DONNE CHE RACCONTANO UOMINI
Sempre nella sezione Orizzonti si è visto Otec (Padre) di Tereza Nvotová, direttamente dalla Slovacchia. Per una volta non abbiamo un uomo che racconta una donna, ma il contrario: la regista mette in scena un padre che compie un tragico errore avvitandosi in una spirale di dolore, con grave ricaduta sul suo matrimonio. L’autrice costruisce con abilità un protagonista maschile, l’attore Milan Ondrík, con un dramma intimista che diventa una lezione di sguardo, sensibile e profondo, in grado di toccare le corde dell’animo.

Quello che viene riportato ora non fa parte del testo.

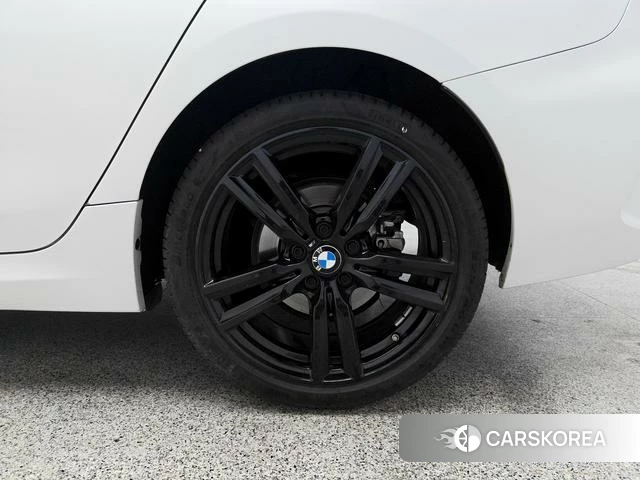 BMW 1 series id 4278178 из Китая 17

LA REGISTA IN FUGA DALLA GUERRA
Grande emozione ha suscitato Memory di Vladlena Sandu, il film che ha aperto la sezione parallela Giornate degli autori. La regista, nata in Crimea nel 1982, si trasferisce a Grozny e incontra la guerra in Cecenia: dopo quattro anni di conflitto è costretta a scappare in Russia, dove diventa una sfollata. Nel suo titolo significativo, memoria, racconta tutto ciò partendo dall’infanzia: il divorzio dei genitori, il trasferimento in Cecenia, il crollo dell’Unione Sovietica e lo scoppio della guerra. Grozny diventa campo di battaglia.

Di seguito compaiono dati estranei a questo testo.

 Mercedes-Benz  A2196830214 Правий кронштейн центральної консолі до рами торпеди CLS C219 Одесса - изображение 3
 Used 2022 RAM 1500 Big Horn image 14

Il film è un’autobiografia metaforica e poetica, che riscrive i ricordi da bambina all’insegna dell’incontro prematuro che ha segnato tutta la sua vita, quello con la violenza. Vladlena preferisce le tormentate domande alle facili risposte: “Memory mi ha aiutato a capire come il meccanismo della violenza si muova attraverso le generazioni – ha detto - e mi ha portato a pormi una domanda fondamentale: cosa possiamo fare per fermarlo?”.
LAURA POITRAS E LA VIOLENZA DELLE ISTITUZIONI
Laura Poitras è un nome che conoscono bene i frequentatori del Lido: vinse un clamoroso Leone d’oro a Venezia 2022 con All the beauty and the bloodshed, documentario sulla lobby americana degli oppiacei che ha ridotto molte persone alla dipendenza, e alla morte, in nome del profitto. Fu un trionfo contro ogni pronostico. La documentarista di Boston è tornata ora fuori concorso con Cover-Up, girato insieme al collega Mark Obenhaus. Il risultato non è meno politico e sociale: film che ripercorre la carriera del grande giornalista investigativo Seymour Hersh, già premio Pulitzer, e ne approfitta per riprendere le verità emerse dalle sue inchieste.

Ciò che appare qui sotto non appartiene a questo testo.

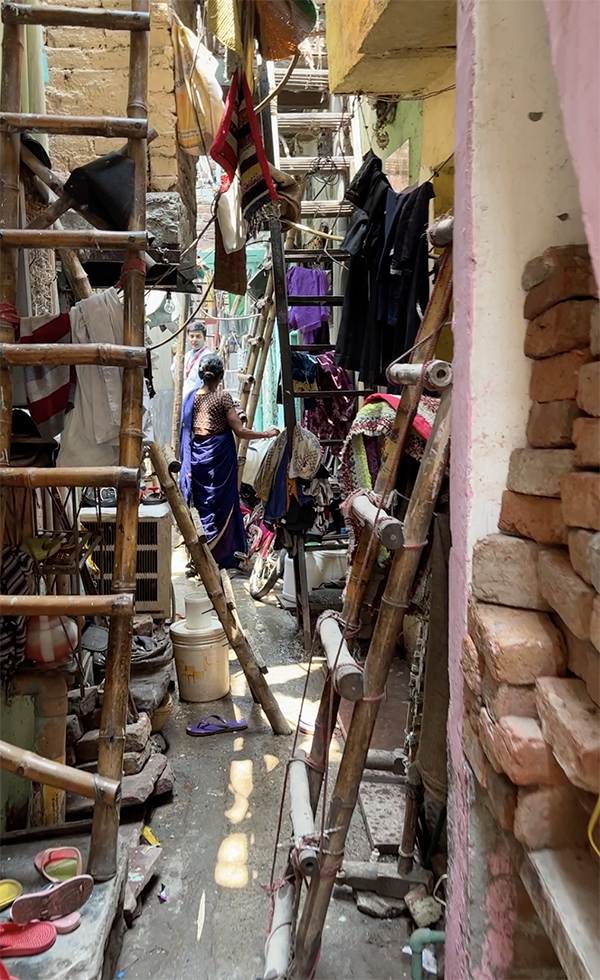 delhi alleyway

Al centro stavolta c’è la violenza delle istituzioni, delle forze dell’ordine e dell’intelligence statunitensi, ai danni di cittadini e cittadine comuni, il leitmotiv che Hersh ha sempre indagato. Ancora una volta, dunque, Poitras si mette allo specchio con qualcuno – nel film premiato era la fotografa Nan Goldin – per costruire una mobilitazione e sottolineare i limiti della democrazia americana.
DALL’ITALIA ARABELLA
Va segnalato il film italiano di una regista, Il rapimento di Arabella di Carolina Cavalli, ancora nella sezione Orizzonti. È la storia di una ragazza di 28 anni, interpretata da Benedetta Porcaroli, che realizza il rapimento del titolo: sottrae una bimba di nome Arabella, convinta che sia la se stessa di un tempo, la sua versione passata. In forma di commedia, il film parla di una giovane “che trova un modo per risolvere il suo passato, superare i rimpianti, calmare l’ansia del futuro e dimenticare le aspettative fallite”, così l’autrice.
Insomma, i film delle donne esistono ed è il caso di diffonderli il più possibile. Anche questo è compito di un grande festival internazionale, andando a cercare negli angoli del mondo, con un rovesciamento di campo - si direbbe in regia - rispetto alla maggioranza del cinema ancora a dominanza maschile. Sarebbe giusto far competere più registe per il Leone d’oro, proprio come i colleghi maschi, ma questa è un’altra storia.